Il sort un espèce de grognement.

— Je veux voir ton collier d’abord.

J’incline la tête pour essayer de savoir ce qui l’intrigue autant, mais rien à faire. Ce gars est étrange. Et qui plus est, en peignoir dans mon salon. Je décroche le collier si cher à mon coeur et lui tend d’une main tremblante. Ses yeux s'écarquillèrent en voyant la pierre.

— Je ne pensais pas qu’il en existait encore ici. Comment tu t’es procuré ça ?

— C’est juste un collier de valeur sentimental, rien de très important.

— Au contraire, ça l’est. C’est grâce à ça que tu m’as trouvé. Si tu me le dis, je te promets d’aller à l'hôpital.

Comment sait-il que je l’ai trouvé ? Je ne me souviens pas lui avoir dit. Tout ça me trouble sérieusement. Je décide tout de même de répondre pour pouvoir l’emmener à l'hôpital. Je n’ai aucune envie de retrouver un mort au milieu de mon appartement à cause d’une hémorragie interne non soignée. Ce n’est qu’une supposition bien évidemment, je n’ai pas de compétences dans ce domaine.
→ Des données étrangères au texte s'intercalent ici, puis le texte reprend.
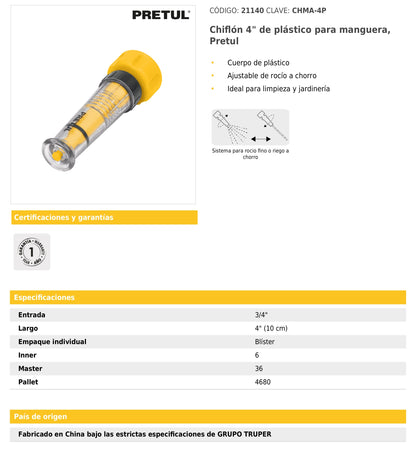 Chiflón de plástico de 4" para manguera
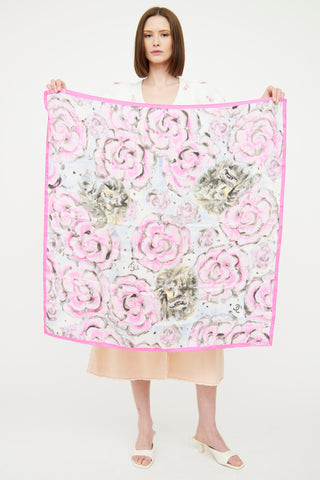 Chanel Pink 
Multi Camellia Printed Scarf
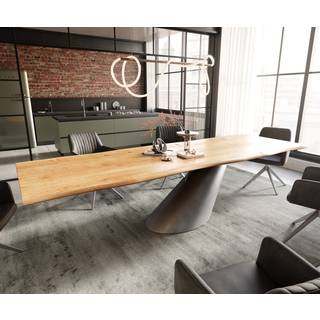 Esstisch Edge 300x100x4 Eiche Natur Cono Metallic Silber Live-Edge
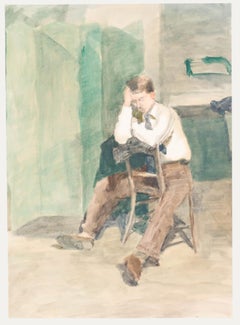 Pauline Plummer (geb. 1933) - 20. Jahrhundert Aquarell, Sitzender Junge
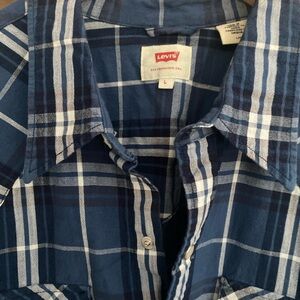 Levi's Navy and White Plaid Shirt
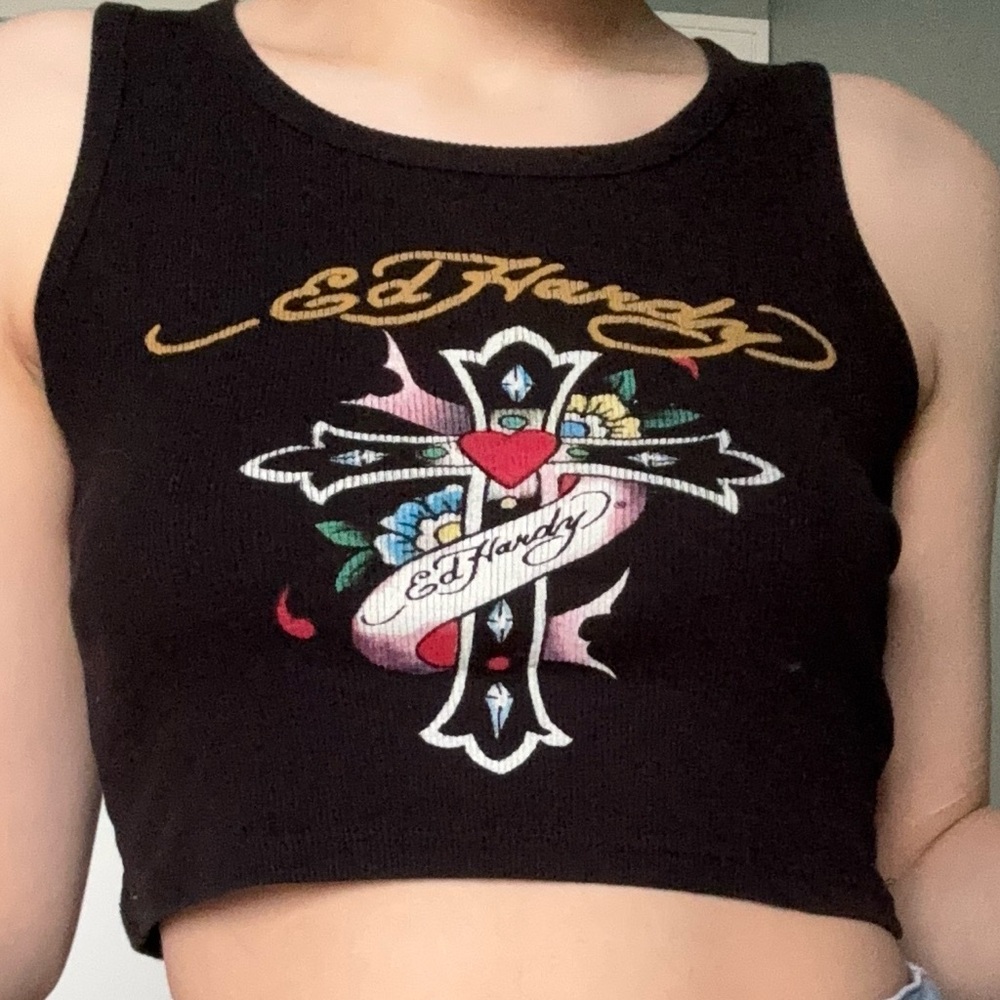 Ed Hardy Black Tank Top with Graphic Design
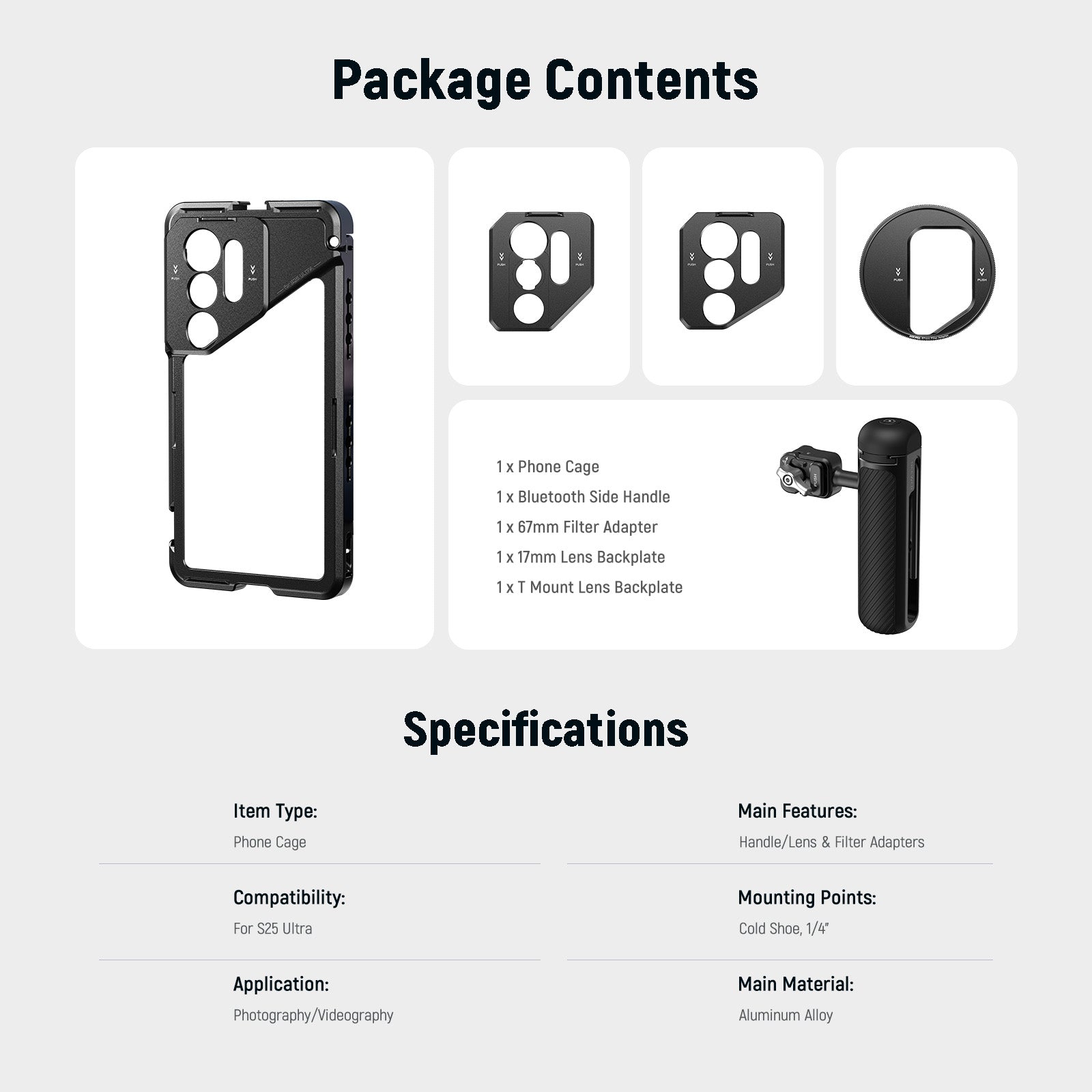 NEEWER PA082 Phone Cage For SAMSUNG S25 Ultra with 67mm Filter/17mm/T Mount Adapters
— C’est ma mère qui me l’a donné, il y a de ça une quinzaine d’années.

— Il y en a d’autres ?

— Ma petite soeur en a un autre, mais ce n’est pas le même.

Whiley lève le regard, épaules en arrière, ce qui lui donne un air supérieur. Ses yeux éblouissants sont posés sur moi une fois de plus.
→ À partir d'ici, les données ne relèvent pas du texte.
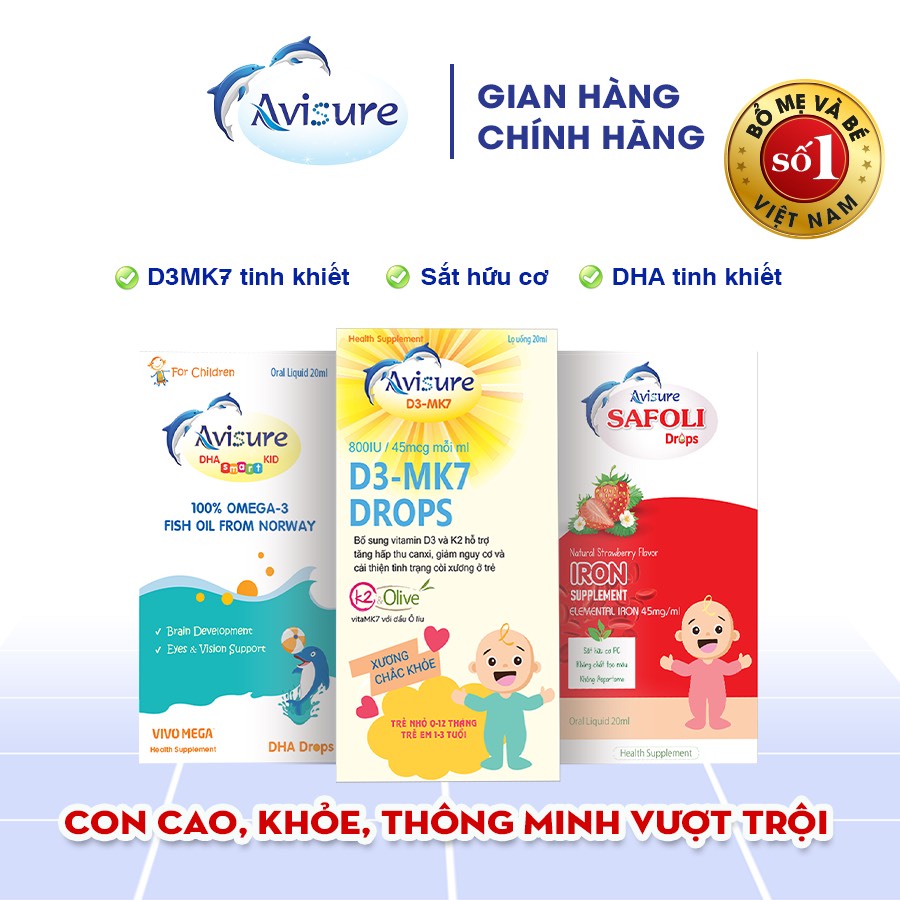 Bộ ba Avisure D3MK7, Avisure DHA smart Kid, Avisure Safoli Drop bổ sung D3, DHA, Sắt tinh khiết tự nhiên cho bé cao lớn, khoẻ mạnh, thông minh vượt trội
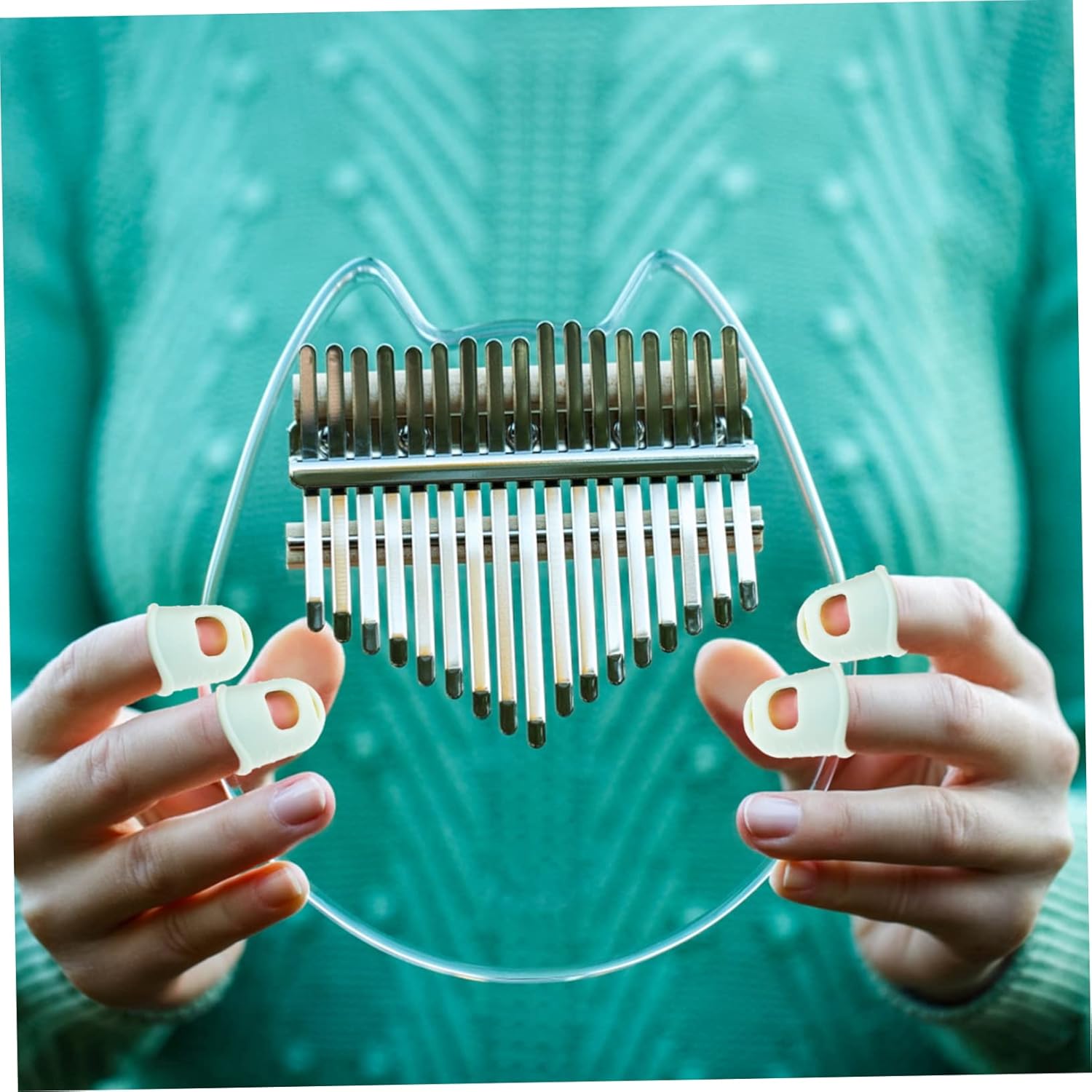 Kisangel 2 pares de kalimba para dedo, púas para el pulgar de guitarra, protector de dedos de Kalimba, protectores de dedos de bajo, tapas de dedos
— Tu ne te rends pas compte de ce que tu portes autour du cou. N’est-ce pas ? demande-t-il en inspirant de façon grossière.

— J’ai peut-être une idée qui m’a traversé l’esprit ces dernières années, mais tu me prendrais pour un fou, je réponds me frottant une paupière de fatigue.

Pourquoi je lui raconte ça d’ailleurs ? On se connait officiellement depuis dix minutes. Mais quelque chose d’inexplicable me pousse à lui dire ce qui me traverse l’esprit.

— Dois-je te remémorer que tu m’as vu me noyer deux fois ? Je t'écoute, dit-il en s’asseyant sur le canapé croisant ses jambes.

Je mets ma main directement sur mes yeux. Il n’a réellement aucune pudeur. Je sens mes rouge virer au rouge. Ma chaleur corporelle s'élève. Je suis extrêmement gêné parce qu’il se passe.

— Peux-tu t’asseoir normalement s’il te plait ? dis-je en ouvrant légèrement ma main.

— Petite nature, confie-t-il en levant les yeux au ciel.

Je prends une chaise, mets le dossier en avant et m’asseoir en prenant le dossier comme accoudoir.

— Je pense que c’est lié à la magie. Ne dit rien, je sais c’est bête, dis-je en baissant la tête.

— Aussi bête que de faire ami/ami avec quelqu’un que tu as sauvé de la noyade et surveillé toute la nuit ?

— Mais comment… ?

Il m'interrompt. C’est vrai qu’hier parler avec cette personne me semblait improbable.

— Allons à l'hôpital.

Il se lève du canapé et semble attendre. Il me lorgne les yeux plissés.

— Tu peux regarder si mes vêtements sont secs ?

Je me lève a mon tour et me dirige vers le sèche linge dans la buanderie. Je tâte la chemise blanche et le pantalon. Ils sont légèrement humide, mais ça fera l’affaire. Je les prends avec moi ainsi que la ceinture contenant les couteaux. En revenant dans la salle, il me les arrache presque des mains.

— Tu ne vas quand même pas aller à l'hôpital avec tes lames ? Je pense pas que se soit très légal.

Il part en direction de la salle de bain et ne me répond pas.

— Je prends ça pour un oui ! je crie depuis l’autre pièce.

La seule chose que j'espère c’est qu’il ne s’essaye pas de se noyer une fois de plus en étant seul. Je lui suis alors, et reste derrière la porte pour intervenir si j’entends l’eau couler.